TASK DETAILS: Every record below must come back exactly as given.

MATERIAL FOR THE TASK:
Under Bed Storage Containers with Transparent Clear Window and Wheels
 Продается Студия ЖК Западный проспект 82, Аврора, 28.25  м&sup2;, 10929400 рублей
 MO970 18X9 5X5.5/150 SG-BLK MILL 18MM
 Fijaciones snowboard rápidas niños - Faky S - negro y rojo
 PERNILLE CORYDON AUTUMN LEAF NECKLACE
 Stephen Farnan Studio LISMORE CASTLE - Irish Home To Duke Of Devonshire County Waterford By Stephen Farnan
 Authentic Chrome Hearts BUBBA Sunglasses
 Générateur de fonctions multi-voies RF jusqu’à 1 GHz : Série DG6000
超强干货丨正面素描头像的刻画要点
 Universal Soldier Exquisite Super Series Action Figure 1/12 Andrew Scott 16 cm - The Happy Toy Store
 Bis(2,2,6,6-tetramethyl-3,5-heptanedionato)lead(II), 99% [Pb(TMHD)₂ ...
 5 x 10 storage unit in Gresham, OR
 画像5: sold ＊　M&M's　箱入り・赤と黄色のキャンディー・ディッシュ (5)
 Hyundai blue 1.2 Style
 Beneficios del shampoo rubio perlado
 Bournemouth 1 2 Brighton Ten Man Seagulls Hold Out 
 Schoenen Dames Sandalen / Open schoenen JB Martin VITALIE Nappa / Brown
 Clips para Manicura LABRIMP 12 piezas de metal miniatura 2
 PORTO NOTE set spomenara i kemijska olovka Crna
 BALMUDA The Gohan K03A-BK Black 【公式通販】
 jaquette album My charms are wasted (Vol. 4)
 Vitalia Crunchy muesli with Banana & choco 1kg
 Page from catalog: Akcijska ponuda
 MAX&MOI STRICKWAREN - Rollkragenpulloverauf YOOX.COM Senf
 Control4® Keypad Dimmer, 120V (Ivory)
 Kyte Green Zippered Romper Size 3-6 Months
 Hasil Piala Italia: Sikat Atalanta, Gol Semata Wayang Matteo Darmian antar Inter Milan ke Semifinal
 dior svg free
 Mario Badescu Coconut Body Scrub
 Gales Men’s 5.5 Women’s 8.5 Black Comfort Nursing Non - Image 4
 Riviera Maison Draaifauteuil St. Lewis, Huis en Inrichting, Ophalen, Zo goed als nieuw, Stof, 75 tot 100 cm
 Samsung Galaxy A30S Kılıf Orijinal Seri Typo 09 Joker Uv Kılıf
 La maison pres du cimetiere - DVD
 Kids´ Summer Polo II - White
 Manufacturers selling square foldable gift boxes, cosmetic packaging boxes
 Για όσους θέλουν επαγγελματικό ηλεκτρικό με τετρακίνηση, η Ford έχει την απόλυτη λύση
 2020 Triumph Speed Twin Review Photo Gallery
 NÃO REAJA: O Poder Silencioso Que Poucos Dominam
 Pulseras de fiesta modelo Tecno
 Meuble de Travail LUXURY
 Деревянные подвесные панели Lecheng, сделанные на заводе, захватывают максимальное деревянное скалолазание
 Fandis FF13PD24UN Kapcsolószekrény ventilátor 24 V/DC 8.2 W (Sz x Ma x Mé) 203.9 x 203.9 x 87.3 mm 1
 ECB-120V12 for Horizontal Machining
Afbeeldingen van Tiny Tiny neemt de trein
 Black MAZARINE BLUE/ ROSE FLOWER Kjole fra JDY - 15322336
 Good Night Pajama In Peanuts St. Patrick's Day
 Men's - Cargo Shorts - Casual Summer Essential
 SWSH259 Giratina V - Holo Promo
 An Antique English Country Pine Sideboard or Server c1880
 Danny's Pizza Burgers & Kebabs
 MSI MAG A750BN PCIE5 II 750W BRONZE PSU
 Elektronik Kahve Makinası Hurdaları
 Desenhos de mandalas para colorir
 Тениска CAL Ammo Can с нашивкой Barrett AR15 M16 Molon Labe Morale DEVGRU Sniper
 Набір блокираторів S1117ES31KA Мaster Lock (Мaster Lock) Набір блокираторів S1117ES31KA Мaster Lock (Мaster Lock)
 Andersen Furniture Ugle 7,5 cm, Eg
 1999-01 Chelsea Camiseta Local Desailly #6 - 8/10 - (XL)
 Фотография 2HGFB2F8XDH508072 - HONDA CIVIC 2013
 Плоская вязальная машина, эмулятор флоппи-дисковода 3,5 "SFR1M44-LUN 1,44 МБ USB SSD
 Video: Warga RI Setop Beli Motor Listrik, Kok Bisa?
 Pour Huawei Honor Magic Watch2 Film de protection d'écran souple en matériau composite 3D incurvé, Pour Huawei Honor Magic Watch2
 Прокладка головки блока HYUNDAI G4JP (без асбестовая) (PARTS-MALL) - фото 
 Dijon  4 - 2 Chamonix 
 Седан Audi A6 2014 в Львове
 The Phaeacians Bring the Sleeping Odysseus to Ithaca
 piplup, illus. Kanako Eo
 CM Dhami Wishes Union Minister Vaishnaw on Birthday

ANSWER TO THIS PROBLEM:
Under Bed Storage Containers with Transparent Clear Window and Wheels
 Продается Студия ЖК Западный проспект 82, Аврора, 28.25  м&sup2;, 10929400 рублей
 MO970 18X9 5X5.5/150 SG-BLK MILL 18MM
 Fijaciones snowboard rápidas niños - Faky S - negro y rojo
 PERNILLE CORYDON AUTUMN LEAF NECKLACE
 Stephen Farnan Studio LISMORE CASTLE - Irish Home To Duke Of Devonshire County Waterford By Stephen Farnan
 Authentic Chrome Hearts BUBBA Sunglasses
 Générateur de fonctions multi-voies RF jusqu’à 1 GHz : Série DG6000
超强干货丨正面素描头像的刻画要点
 Universal Soldier Exquisite Super Series Action Figure 1/12 Andrew Scott 16 cm - The Happy Toy Store
 Bis(2,2,6,6-tetramethyl-3,5-heptanedionato)lead(II), 99% [Pb(TMHD)₂ ...
 5 x 10 storage unit in Gresham, OR
 画像5: sold ＊　M&M's　箱入り・赤と黄色のキャンディー・ディッシュ (5)
 Hyundai blue 1.2 Style
 Beneficios del shampoo rubio perlado
 Bournemouth 1 2 Brighton Ten Man Seagulls Hold Out 
 Schoenen Dames Sandalen / Open schoenen JB Martin VITALIE Nappa / Brown
 Clips para Manicura LABRIMP 12 piezas de metal miniatura 2
 PORTO NOTE set spomenara i kemijska olovka Crna
 BALMUDA The Gohan K03A-BK Black 【公式通販】
 jaquette album My charms are wasted (Vol. 4)
 Vitalia Crunchy muesli with Banana & choco 1kg
 Page from catalog: Akcijska ponuda
 MAX&MOI STRICKWAREN - Rollkragenpulloverauf YOOX.COM Senf
 Control4® Keypad Dimmer, 120V (Ivory)
 Kyte Green Zippered Romper Size 3-6 Months
 Hasil Piala Italia: Sikat Atalanta, Gol Semata Wayang Matteo Darmian antar Inter Milan ke Semifinal
 dior svg free
 Mario Badescu Coconut Body Scrub
 Gales Men’s 5.5 Women’s 8.5 Black Comfort Nursing Non - Image 4
 Riviera Maison Draaifauteuil St. Lewis, Huis en Inrichting, Ophalen, Zo goed als nieuw, Stof, 75 tot 100 cm
 Samsung Galaxy A30S Kılıf Orijinal Seri Typo 09 Joker Uv Kılıf
 La maison pres du cimetiere - DVD
 Kids´ Summer Polo II - White
 Manufacturers selling square foldable gift boxes, cosmetic packaging boxes
 Για όσους θέλουν επαγγελματικό ηλεκτρικό με τετρακίνηση, η Ford έχει την απόλυτη λύση
 2020 Triumph Speed Twin Review Photo Gallery
 NÃO REAJA: O Poder Silencioso Que Poucos Dominam
 Pulseras de fiesta modelo Tecno
 Meuble de Travail LUXURY
 Деревянные подвесные панели Lecheng, сделанные на заводе, захватывают максимальное деревянное скалолазание
 Fandis FF13PD24UN Kapcsolószekrény ventilátor 24 V/DC 8.2 W (Sz x Ma x Mé) 203.9 x 203.9 x 87.3 mm 1
 ECB-120V12 for Horizontal Machining
Afbeeldingen van Tiny Tiny neemt de trein
 Black MAZARINE BLUE/ ROSE FLOWER Kjole fra JDY - 15322336
 Good Night Pajama In Peanuts St. Patrick's Day
 Men's - Cargo Shorts - Casual Summer Essential
 SWSH259 Giratina V - Holo Promo
 An Antique English Country Pine Sideboard or Server c1880
 Danny's Pizza Burgers & Kebabs
 MSI MAG A750BN PCIE5 II 750W BRONZE PSU
 Elektronik Kahve Makinası Hurdaları
 Desenhos de mandalas para colorir
 Тениска CAL Ammo Can с нашивкой Barrett AR15 M16 Molon Labe Morale DEVGRU Sniper
 Набір блокираторів S1117ES31KA Мaster Lock (Мaster Lock) Набір блокираторів S1117ES31KA Мaster Lock (Мaster Lock)
 Andersen Furniture Ugle 7,5 cm, Eg
 1999-01 Chelsea Camiseta Local Desailly #6 - 8/10 - (XL)
 Фотография 2HGFB2F8XDH508072 - HONDA CIVIC 2013
 Плоская вязальная машина, эмулятор флоппи-дисковода 3,5 "SFR1M44-LUN 1,44 МБ USB SSD
 Video: Warga RI Setop Beli Motor Listrik, Kok Bisa?
 Pour Huawei Honor Magic Watch2 Film de protection d'écran souple en matériau composite 3D incurvé, Pour Huawei Honor Magic Watch2
 Прокладка головки блока HYUNDAI G4JP (без асбестовая) (PARTS-MALL) - фото 
 Dijon  4 - 2 Chamonix 
 Седан Audi A6 2014 в Львове
 The Phaeacians Bring the Sleeping Odysseus to Ithaca
 piplup, illus. Kanako Eo
 CM Dhami Wishes Union Minister Vaishnaw on Birthday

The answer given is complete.